When the sexual track runs thin, the focus shifts to enthusiasm for travel to Khartoum to somehow do good there for others. By the way, there’s never any question of Philip Roth going to Khartoum — only whether he’ll make it to the party. Another leitmotiv is that the couple among the four at whose TriBeCa loft the party takes place have an autistic child, unseen in the next room though not unheard, who is loved but not accepted, and to the extent that there is a resolution to this play, it involves that child.
… that still has a way to go …
“We’re still experimenting … the actors have only rehearsed for two weeks…”, Labyrinth begins by explaining. The actors work beautifully together, though, and everything went smoothly except for an unscripted coffee spill and the delayed appearance of a prop, both of which got big, warm laughs from the audience. But the play still does have farther to go to locate its significance. Does the sexual brouhaha create any change? What was all that about Khartoum anyhow? Did it effect anyone’s insight? or emotions? One character seems to undergo some emotional change but it seems pasted on. Why should we believe in it? And why does everyone else get left behind?
Philip Roth in Khartoum reminds me of T. S. Eliot’s The Cocktail Party in being about people trying to work out essential life issues at a party, and also of Jean Paul Sartre’s No Exit, because in spite of wit and distractions, no one has a very good time and ultimately they’re all stuck. But it’s different from these because, at least so far, its premise about the resolving power of sex and/or honesty is unfulfilled, and all in all it drops us off near where we started.
Why’s Philip Roth in the title?
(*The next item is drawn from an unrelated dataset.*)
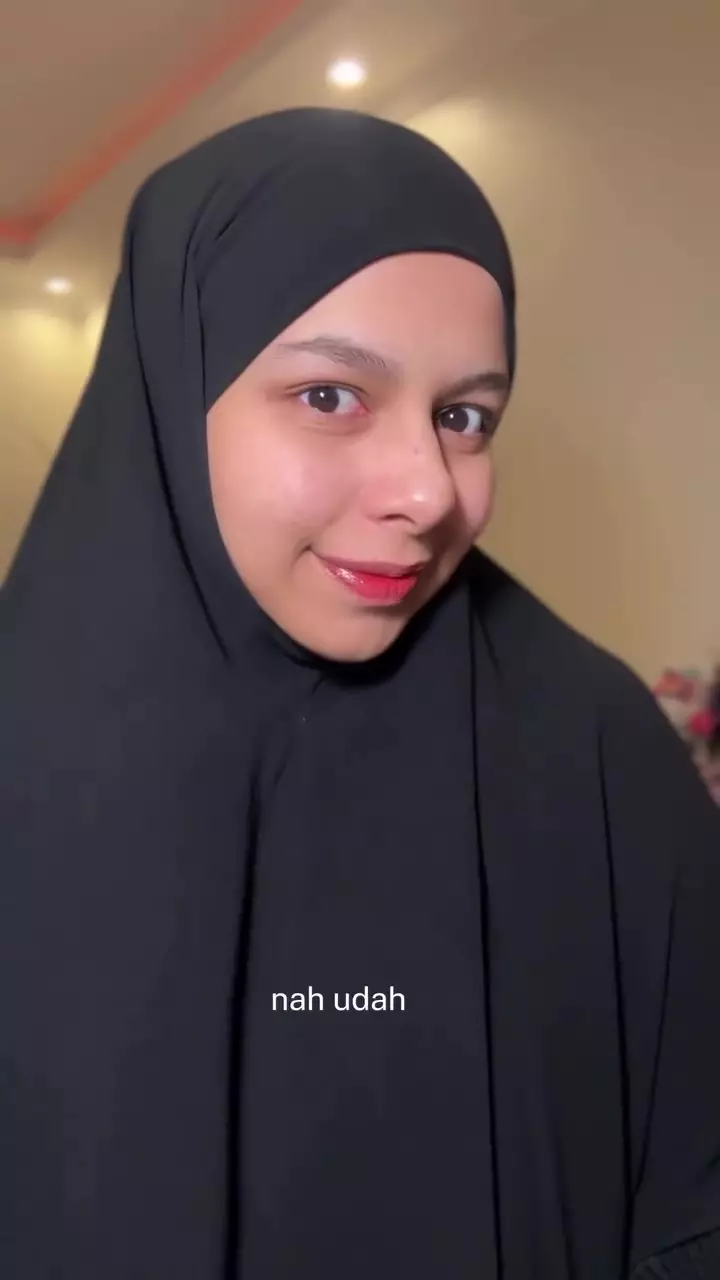 Asal pakai bisa bikin breakout © Instagram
If you’re fascinated by his novels — the great earlier ones, not the recent skimpy throw-offs (see Indignation, noted here below) — you may wonder as I did whether to see the play looking for Roth. The characterization of Roth the man is way off target, but the play is saturated with a Roth-resembling wit and reference, as well as a will to shock — that’s real, not just name dropping. At certain moments, the play out-Roths Roth. As for why Roth is “in Khartoum,” I still don’t know.
The perfect cast includes: Amelia Cambell, Elizabeth Canavan, Alexander Chaplin, David Deblinger, Jamie Klasse, Michael Puzzo, Jenna Stern and Victor Williams.
Philip Roth in Khartoum is playing at the Public Theater on Layfayette Street in NYC through December 21.